La noche es mala consejera

Por Marcos Elia.

“Portate bien, Chiquitín” le dijo su madre antes de despedirlo. “La vas a pasar bien, vas a ver”, le aseguró al ver que sus ojos luchaban por no llorar. “Qué lástima que papá no pueda bajar a despedirme”, pensó él sin reproche, ya que sabía de la enfermedad de su padre. El medio abrazo que le había dado arriba lo dejó con necesidad de más. Ambos al momento de decir adiós, habían aparentado fortaleza; el padre, para no mostrarse débil frente al hijo y el hijo, para no decepcionar al padre.
Su madre lo besó en la mejilla y lo acompañó al auto de su tío. La angustia honda de esa despedida un tanto fría, lo marcó tanto que siempre volvería a sentir ese vacío en el pecho al momento de despedir a alguien. Desde el auto vio como su madre se alejaba de espaldas; no sabía que sería la última imagen de ella en tres largos meses.

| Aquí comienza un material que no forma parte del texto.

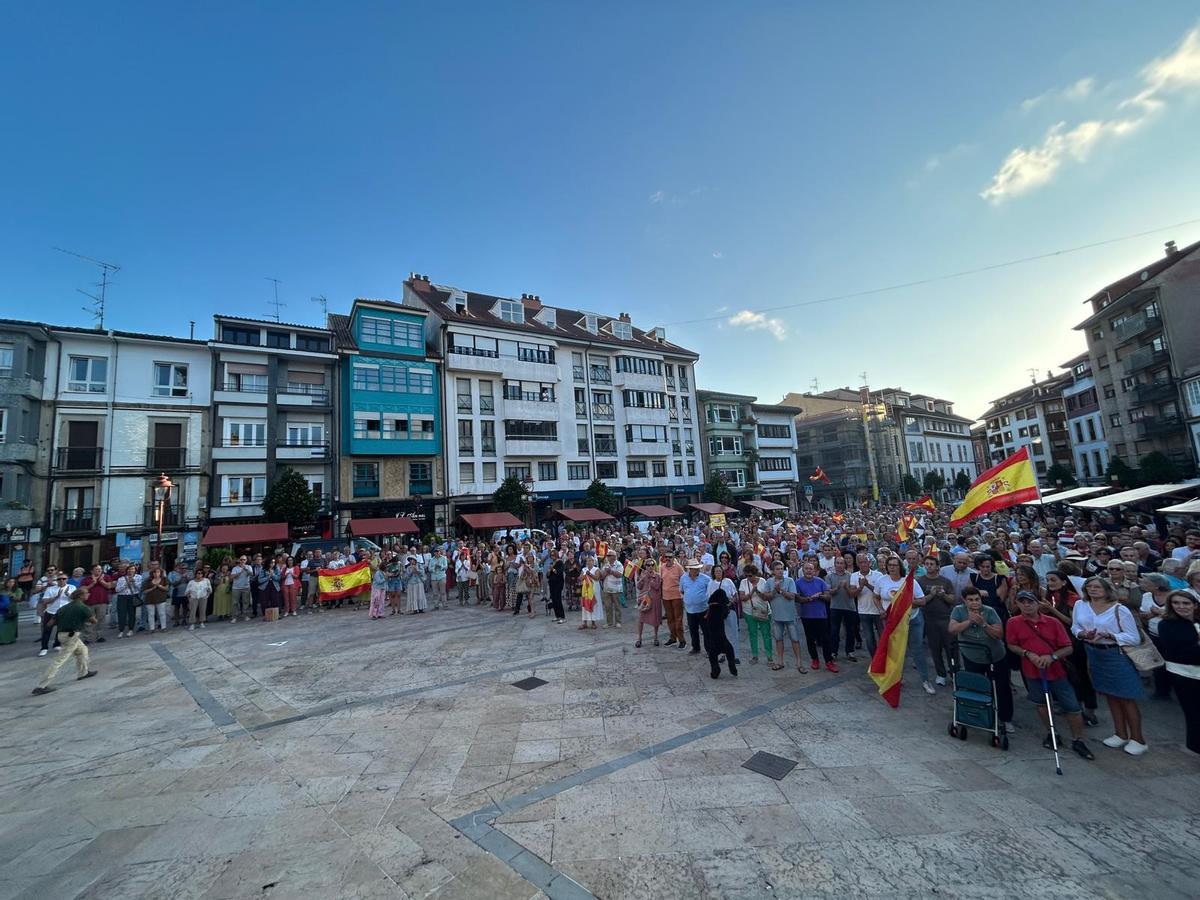 EN IMÁGENES: Concentración en Villaviciosa en apoyo de Ceuta EN IMÁGENES: Concentración en Villaviciosa en apoyo de Ceuta
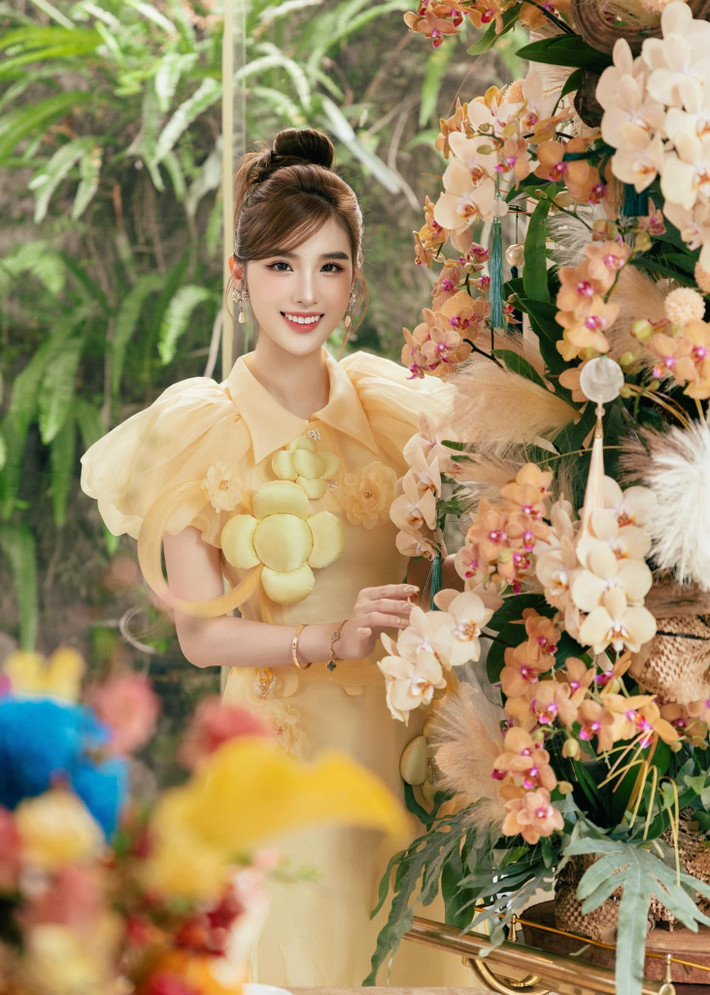 Ngoài ra, thời gian gần đây, Ngọc Loan cũng viral hơn trên MXH TikTok bởi những video ghi lại cuộc sống trong biệt thự xa hoa. Cô nhận nhiều lời khen bởi tài nữ công gia chánh, nấu ăn và bày biện trang trí bàn tiệc đẹp mắt, tỉ mỉ.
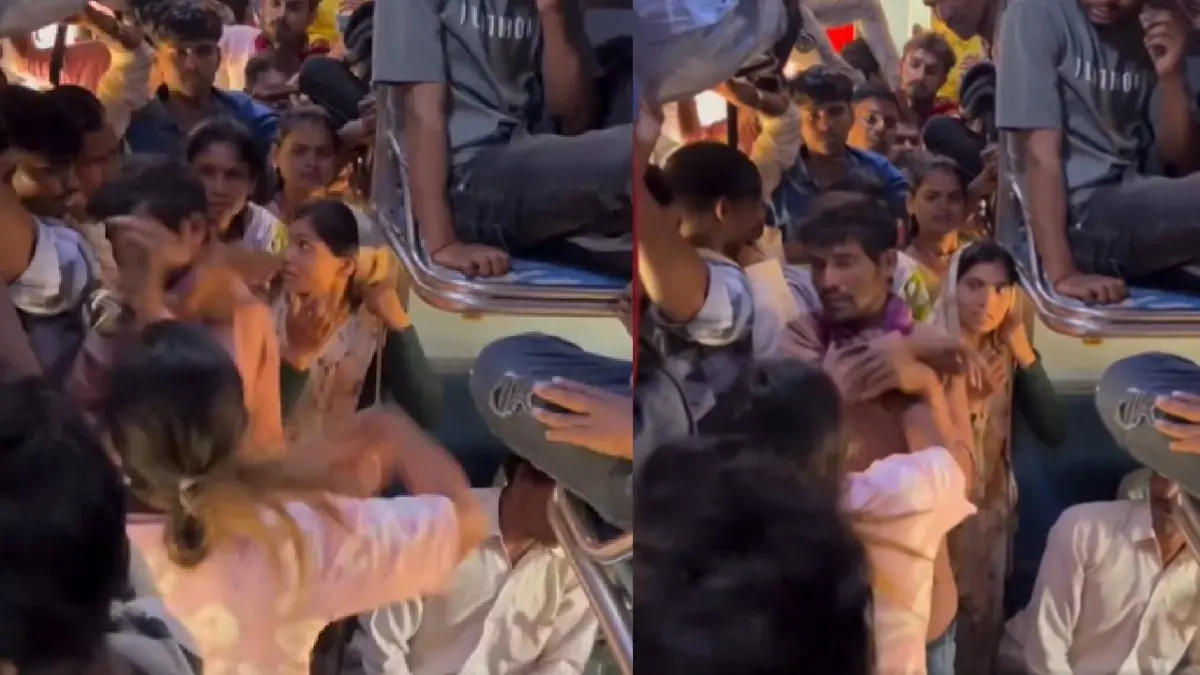 VIRAL VIDEO: 'तू ही था ना, क्या पकड़ा था...', भारतीय रेल में लड़की छेड़ने पर महिला ने शख्स की कर दी धुनाई, जड़ दिए कई थप्पड़ VIRAL VIDEO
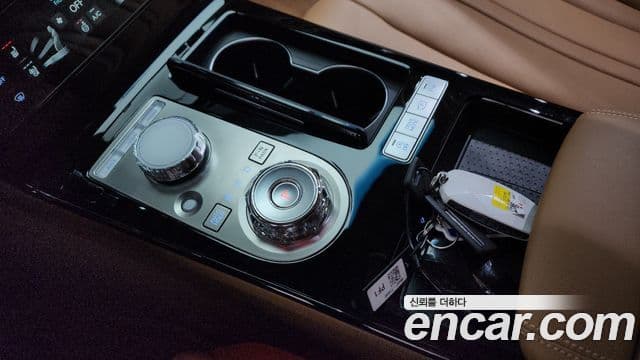 Genesis G80 (RG3) бензин 2.5 турбо AWD, 2025 9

Tenía ocho años y pese que ese era el número de su suerte, sentía una extraña sensación; como si lo que la vida le presentaba era un poco mucho para un niño de esa edad. No podía expresar con palabras eso que presentía: que tanto tiempo lejos de su casa por primera vez, en el campo de unos desconocidos, le parecía demasiado. El tiempo le daría la razón, pero también enseñaría que los padres la mayoría de las veces, hacen lo mejor que pueden.
Al llegar le indicaron cuál sería su cuarto, el que compartiría con su primo de casi su misma edad. Contrario al augurio de los mayores, los chicos no terminaron como carne y uña; de hecho, terminaron bastante alejados de ello, más similar a la casi inexistente unión entre honestidad y política.
La primera noche todo le pareció extraño y sombrío: el silencio de la nueva oscuridad, los muebles desconocidos y sus extrañas formas, la almohada gastada, los ronquidos de su primo y la angustia a punto de estallar. “¿Qué hago acá?”, no podía dejar de preguntarse. Se sentía solo, pero especialmente abandonado.
Aunque sabía que nada cambiaría, lloró y lloró hasta que en un momento cayó dormido.
Al día siguiente descubrió que estaba mejor y se soltó un poco más. Persiguió como un pichón a sus primos más grandes, a quienes admiraba y añoraba agradar. Por la noche algo cambió: no era todo tan extraño, lo que desgraciadamente permaneció fue su angustia y sus lágrimas. Descubrió así, una de las primeras lecciones de su vida: la noche es mala consejera.
Pasaron los días y empezó a ver aquel viejo casco como un nuevo hogar; entró en confianza con todos y volvió a sonreír. Pese a su nuevo disfrute mantuvo una rutina todos los días: a la caída del sol se acercaba a la tranquera, donde se sentaba a esperar ver el auto de su padre. Iba siempre a esa hora ya que era esa la hora en la que él había llegado; también era el momento del día donde el calor de su cuerpo se escapaba con el sol detrás del horizonte, floreciendo su angustia desde su vientre. Ese momento, cuando comenzaba su dolor, lo trataba de palear con el calor de la esperanza de ver a su padre. Desgraciadamente, eso nunca sucedía. Finalmente, luego de varios minutos, abandonaría la tranquera triste y sin haber podido apreciar la paz y los colores de la puesta del sol. En el camino de vuelta, se preparaba para una noche difícil; siempre se prometía no llorar, aunque de un modo u otro nunca lo lograba.
Un domingo cualquiera, mientras jugaba con sus primos oyó el llamado de la campana del almuerzo. Corrieron todos juntos a la parilla. Paradojas del destino, al llegar se sorprendió con que su padre estaba tomando algo con los mayores.
No supo cómo reaccionar; su sorpresa era enorme. Tenía demasiadas preguntas en su cabeza: ¿cuándo llegó? ¿Qué hace papá acá? ¿Por qué no lo vi llegar? ¿Por qué no estaba para recibirlo? ¿Estará enojado porque no lo recibí en la tranquera? Todo esto duró unos segundos que pasaron pesadamente. Cuando recuperó la movilidad de sus piernas, corrió hasta su viejo y sin importarle sus lágrimas lo abrazó y le dijo: “perdón”. El padre entre conmovido y sorprendido, lo abrazó más fuerte y luego, corriéndole las lágrimas, le preguntó: “¿perdón? ¿Por qué?”. “Por nada, gracias papá”, contestó Chiquitín.